* _TASK MATERIAL_
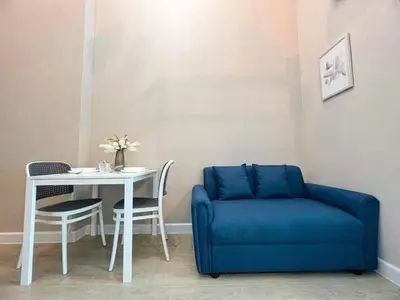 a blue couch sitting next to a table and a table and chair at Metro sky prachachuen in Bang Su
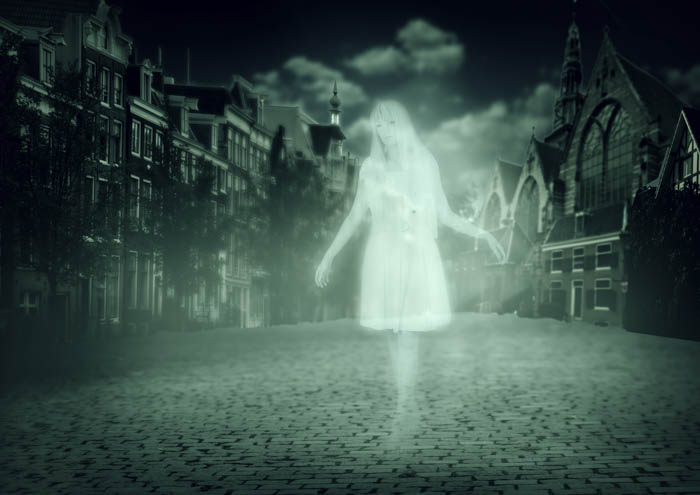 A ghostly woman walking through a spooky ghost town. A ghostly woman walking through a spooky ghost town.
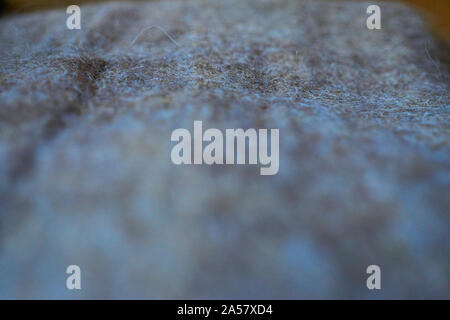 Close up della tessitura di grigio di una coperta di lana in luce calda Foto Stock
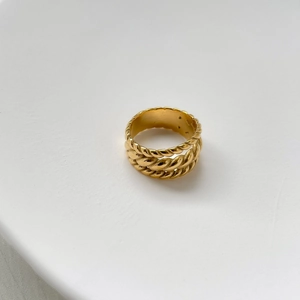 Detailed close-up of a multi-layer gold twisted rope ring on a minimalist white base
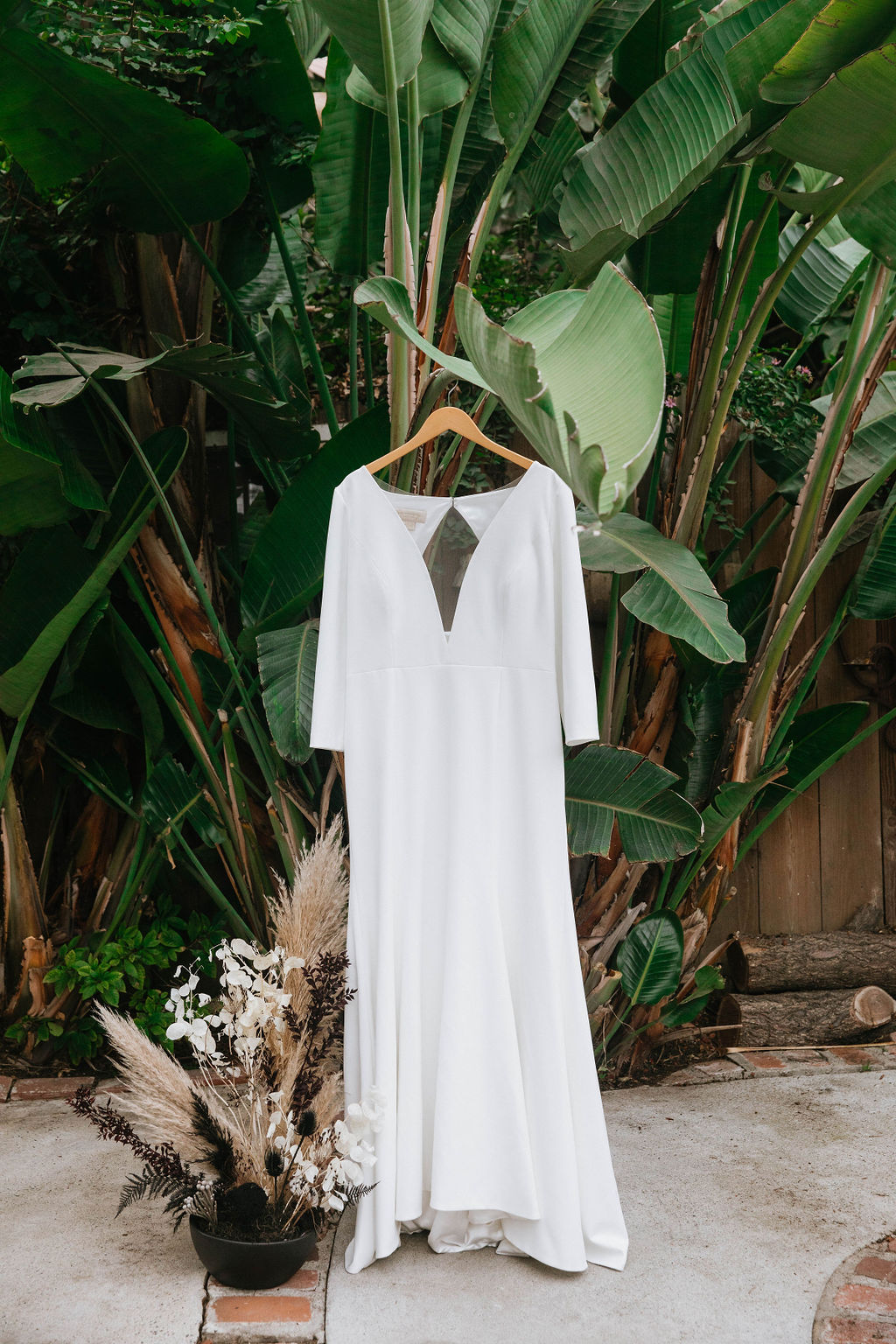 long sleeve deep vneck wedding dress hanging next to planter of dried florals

* _AIM OF THE TASK_
Skipping all images, print the data above a second time exactly.

* _TASK SOLUTION_
 a blue couch sitting next to a table and a table and chair at Metro sky prachachuen in Bang Su
 A ghostly woman walking through a spooky ghost town. A ghostly woman walking through a spooky ghost town.
 Close up della tessitura di grigio di una coperta di lana in luce calda Foto Stock
 Detailed close-up of a multi-layer gold twisted rope ring on a minimalist white base
 long sleeve deep vneck wedding dress hanging next to planter of dried florals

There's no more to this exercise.